As great as his talent, Jordan was anything but the most popular player on his team. His obsession with the Bulls being ready to play and winning, affected everybody. He would demand, cajole, embarrass, and tease his teammates to practice better, even his second lieutenant, Scottie Pippen. No one was above Michael Jordan’s relentless ways, even if they were often delivered with a smile.
The Bulls had little chance of continuing at that extraordinary level, when Jordan retired after the 1993 championship season. In July of that year, his father, James, was shot to death in his car, while taking a nap off of a North Carolina highway. Jordan and his father had been inseparable, best friends really, with his father, and mother as well, attending nearly every game he played.
The rumor mill was deluged with the possibility that gambling had a role in James Jordan’s death.
Michael loved to gamble. Whether it be golf, flipping coins, you name it, Jordan liked to bet.
In an earlier Conference playoff series against the New York Knicks, Jordan journeyed to Atlantic City, on an off-day, to spend an evening at a casino.
That event made headlines like everything else Michael Jordan did.

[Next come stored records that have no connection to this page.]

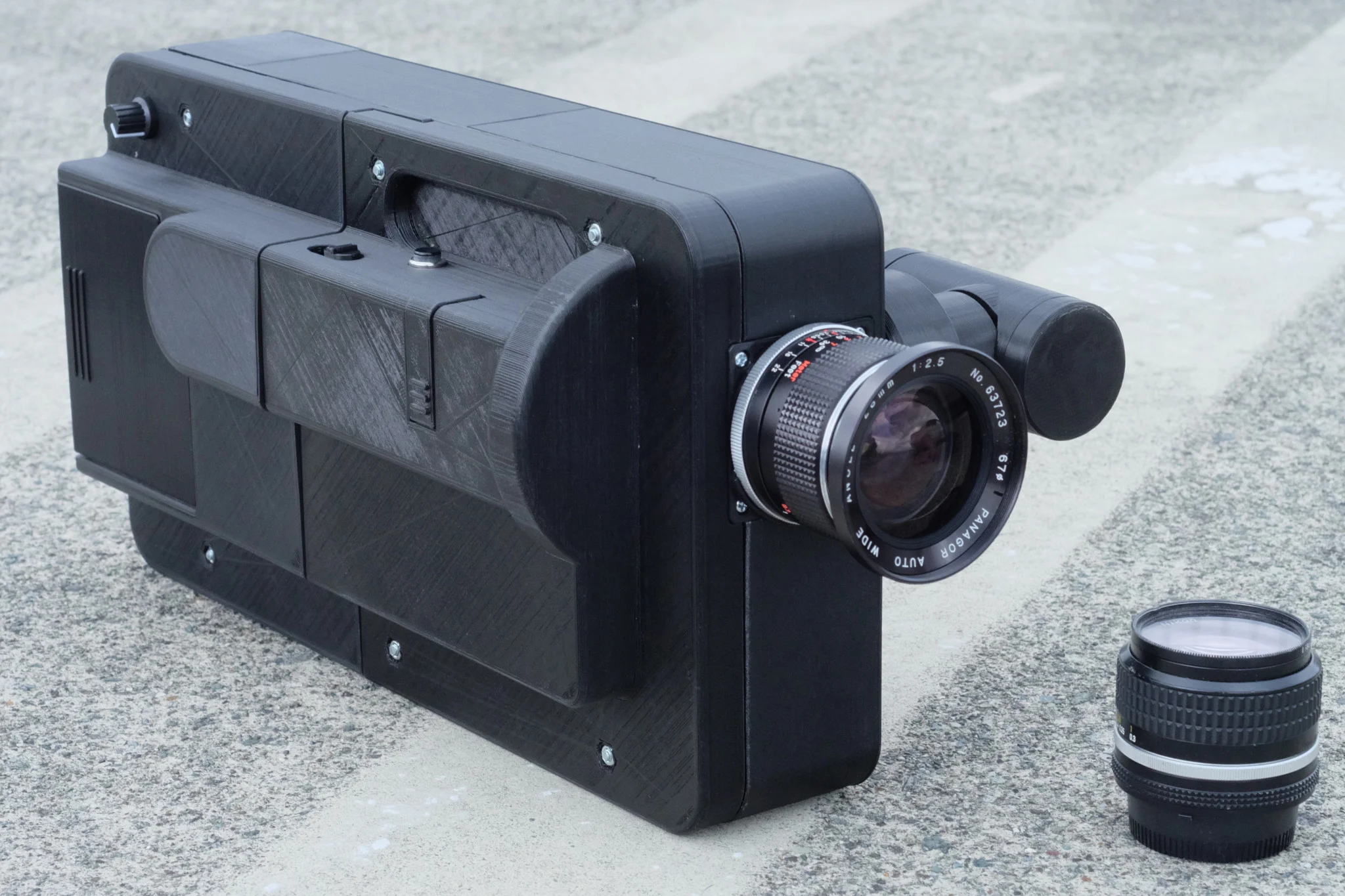 35mm film kamerası, 3D baskı ile! Foto Video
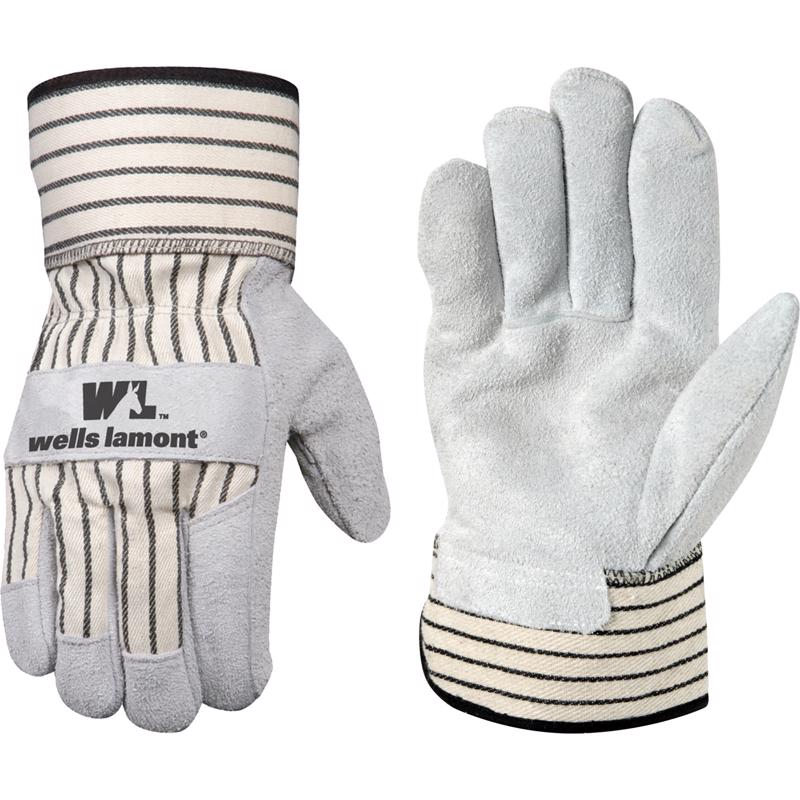 Wells Lamont Men's Indoor/Outdoor Gloves Beige/White M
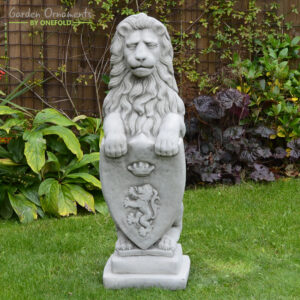 Large British Lion Garden Statue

So did his foray into baseball when he played a season of Double-A ball for the Chicago White Sox farm club in Birmingham. He was retired from hoops, so that didn’t bother Bulls owner Jerry Reinsdorf, who owned the White Sox as well.
Baseball in Birmingham
Jordan started his baseball career slowly, got better, and who knows how far he would have gone. But he was 31 years old.
Michael Jordan couldn’t stay away from basketball, and he returned for the 1995-96 campaign. The Bulls won 55 games the first season without Jordan, but lost in the conference semi-finals. They were nine games worse the next year and again failed to reach the Eastern finals.
When the superstar returned, the cast of characters was decidedly different from the Bulls early 90’s juggernaut.
The desire to dominate also came back, and Chicago was off and running once more.
The story of the Chicago Bulls is well-chronicled, with candid, behind the scenes conversation and current interviews of the principles, especially the “Man” himself.
The capper is, without doubt, the Bulls winning their third consecutive title since Jordan’s return, on Father’s Day in 1996.
The post-game scene in the Bulls locker room shows Michael Jordan in his most emotional moment.
Fathers Day Championship
There are still two more episodes to be shown for The Last Dance.
What we all learn, and some of us who have been close to the sports scene know, is that a team is actually a family.
A family which includes varying degrees of success, hard times, temperament, dislike, and failure.
It’s just that in sports, you’re under a constant microscope. There’s no place to hide.
It is never more evident than in The Last Dance.